There are people around me that think love is only right under certain circumstances; only when it comes in the right shapes and colors. Black and white, no gray lost between them.
There are people around me that think that social issues are something to be ignored - perhaps they will go away if they don't pay attention.
There are people around me that think things are okay the way that they are.
But I see this:
A man sits down at the bar at the restaurant where I work and hooks his ankle around that of the man next to him. They touch warm hands together and share each other's drinks. They smile at each other, and a soft kiss presses their lips together.
This is love.
The girl I work with says this is wrong. She believes in the same God I believe in, yet we do not agree. She asks me how I could say those things, accept those people. I stare back at her, the incomprehension and ignorance of her statement hurtful and oh so typical. A painfully normal reaction.
Why is the way she reacted expected?
A woman cringes at the joke shared between her friends, a word thrown into conversation that tears her world apart and takes her back to the moment that will haunt her for the rest of her life.
“He totally raped you!”
They laugh. She hides. She hides the ragged edges of herself that break and blister every time someone says something so blasé, so usual that no one even notices anymore. But she will never be the same because of the dark and terrible things those casual words represent, she will forever be afraid of the night and the potential that has been proven true.
Why is this horror so normal that we use it in regular conversation?
My roommate called me a man because I killed the spiders for her.
Then she called me a man because I knew which kind of screwdriver to use on the cabinet. She called me a man when I fixed her desk. She called me a man when I reprogrammed the thermostat. She called me a man when I payed the electric bill. She calls me a man when I am self-sufficient and capable.
Why can I not be a capable woman? Why can I not be curious and resourceful AND feminine? Why can I not be myself?

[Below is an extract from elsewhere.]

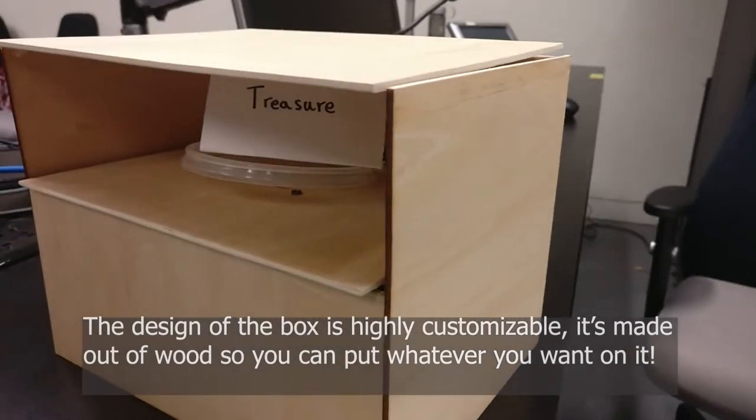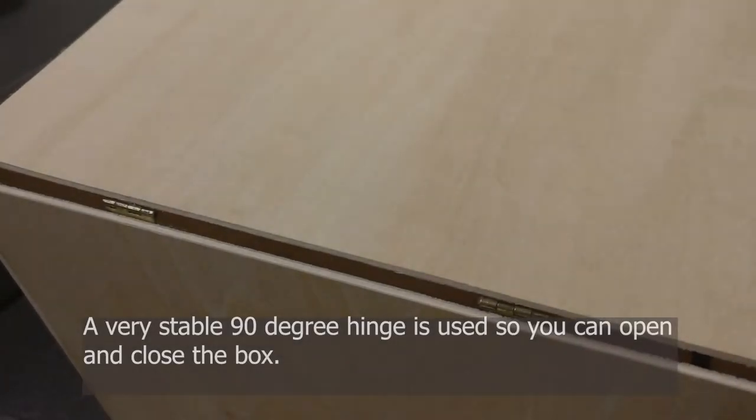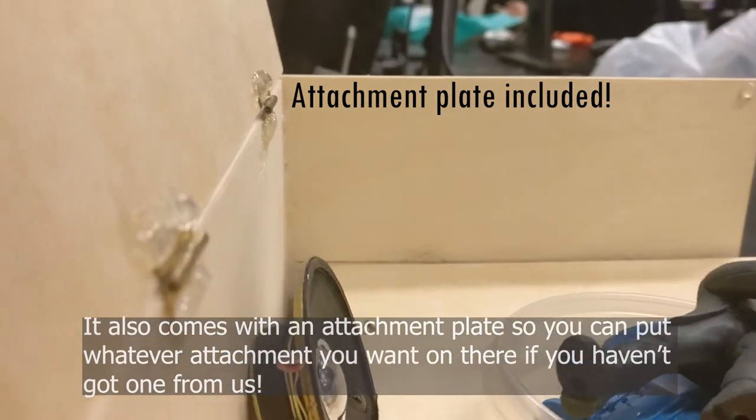The design of the box is highly customizable — it's made out of wood so you can draw whatever you like on it. A very stable 90-degree hinge is used so you can open and close the box. It also comes with an attachment plate so you can put whatever attachment you want on there if you haven't got one from us.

Because love only love if we understand and can control it.
Because entitlement is more important than free will.
Because femininity is weakness and masculinity is power.
I find it hard to live in the world I am in because suffering is passed over and ignored while those who cause suffering are excused and celebrated.
I find it hard to live in the world I am in because everyone in it is consumed with power and mindless cruelty.
I find it hard to live in the world I am in because it doesn't make sense.
I find it hard to live in the world I am in because if I was living in the world the way I wanted to, there would be no place for me to live there.